INFORMATION SUPPLIED Start Marker

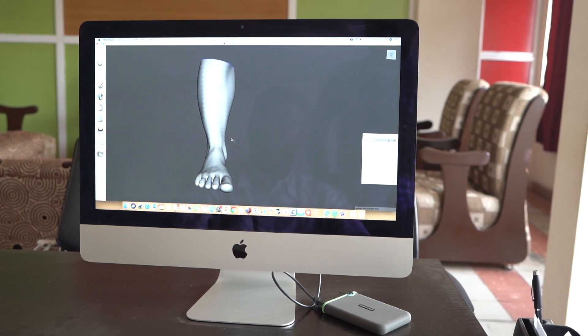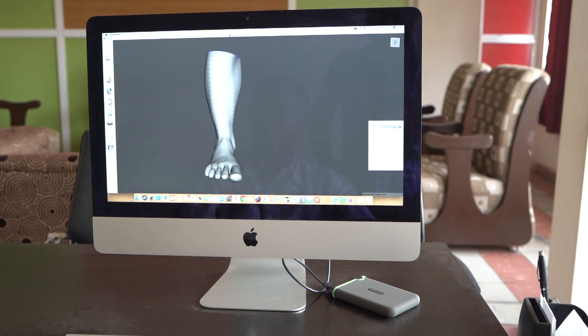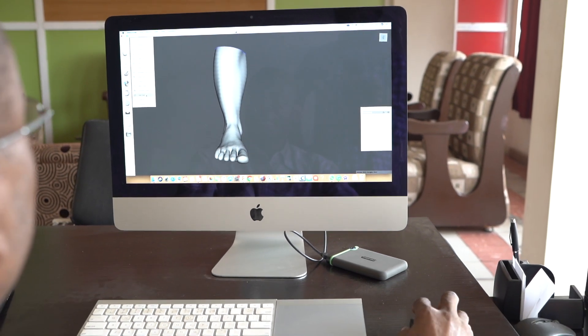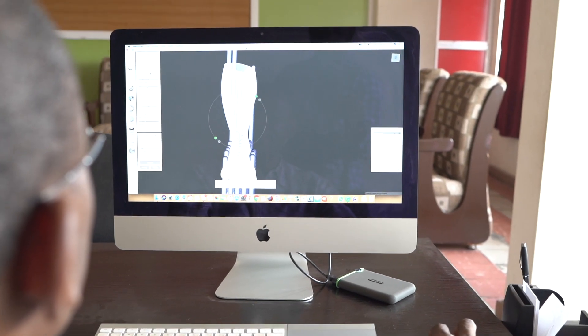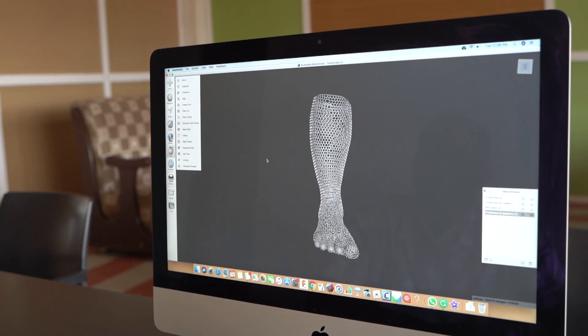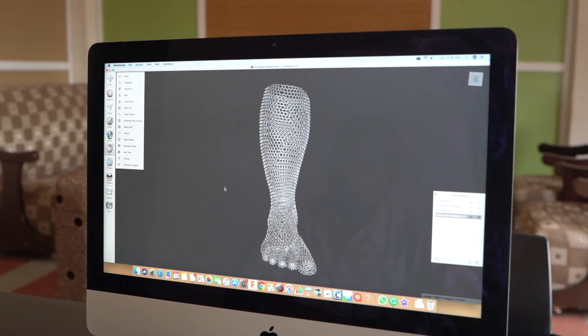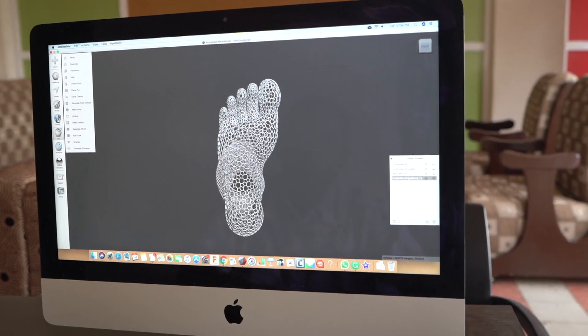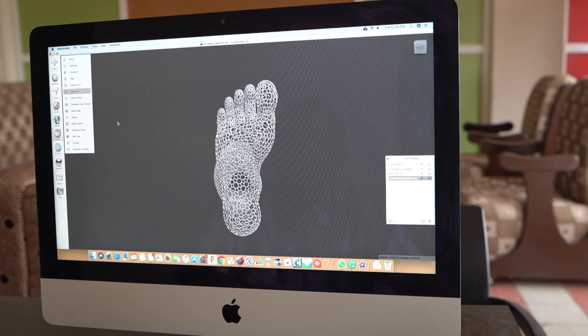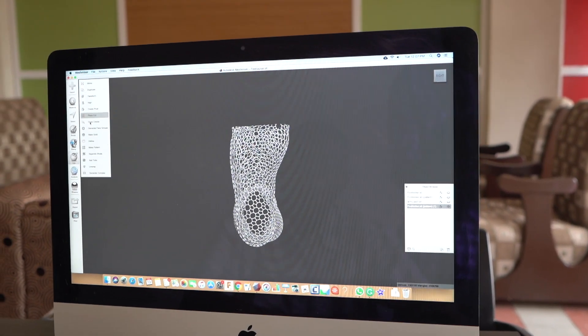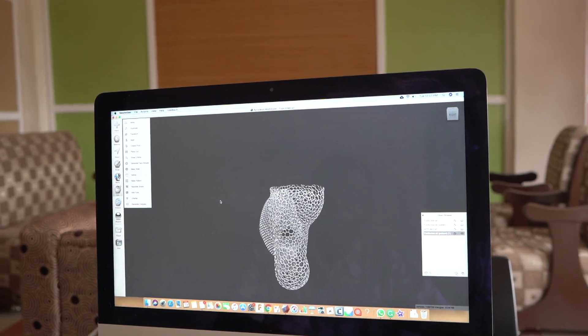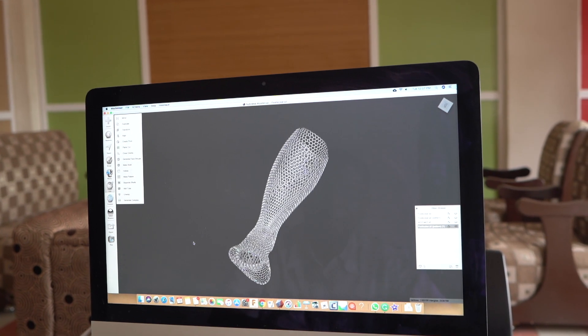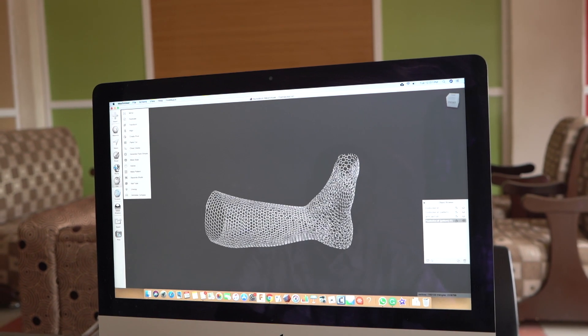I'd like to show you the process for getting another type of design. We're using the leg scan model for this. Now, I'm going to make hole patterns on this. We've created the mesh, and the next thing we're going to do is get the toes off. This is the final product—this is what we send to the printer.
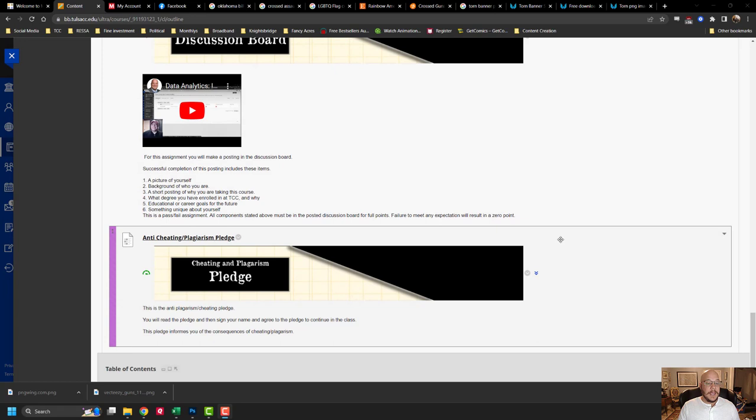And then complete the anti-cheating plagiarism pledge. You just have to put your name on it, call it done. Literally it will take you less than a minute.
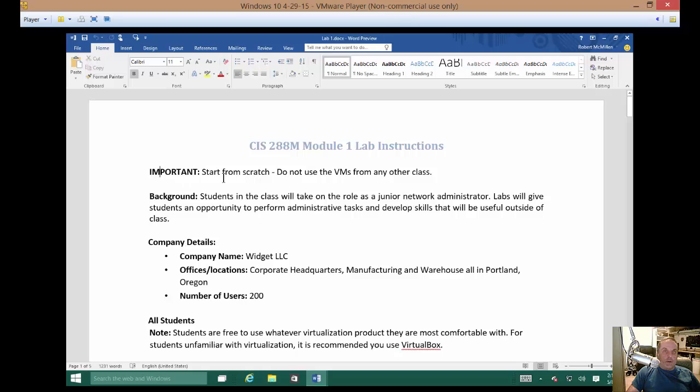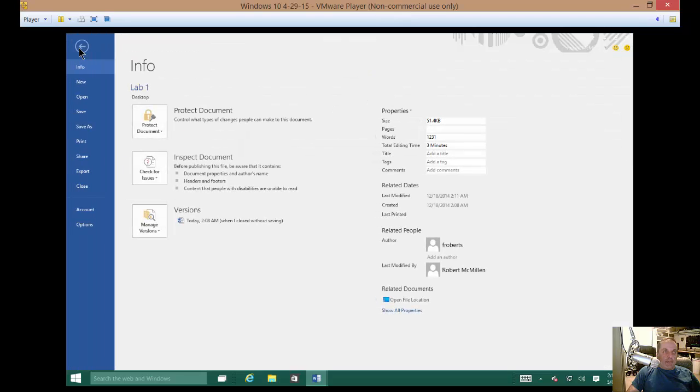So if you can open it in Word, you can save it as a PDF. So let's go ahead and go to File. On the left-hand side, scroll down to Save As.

INFORMATION SUPPLIED End Marker

### ASSIGNED TASK
Retype all the data exactly; skip the pictures.

### OUTPUT BELOW
I'd like to show you the process for getting another type of design. We're using the leg scan model for this. Now, I'm going to make hole patterns on this. We've created the mesh, and the next thing we're going to do is get the toes off. This is the final product—this is what we send to the printer.
And then complete the anti-cheating plagiarism pledge. You just have to put your name on it, call it done. Literally it will take you less than a minute.
So if you can open it in Word, you can save it as a PDF. So let's go ahead and go to File. On the left-hand side, scroll down to Save As.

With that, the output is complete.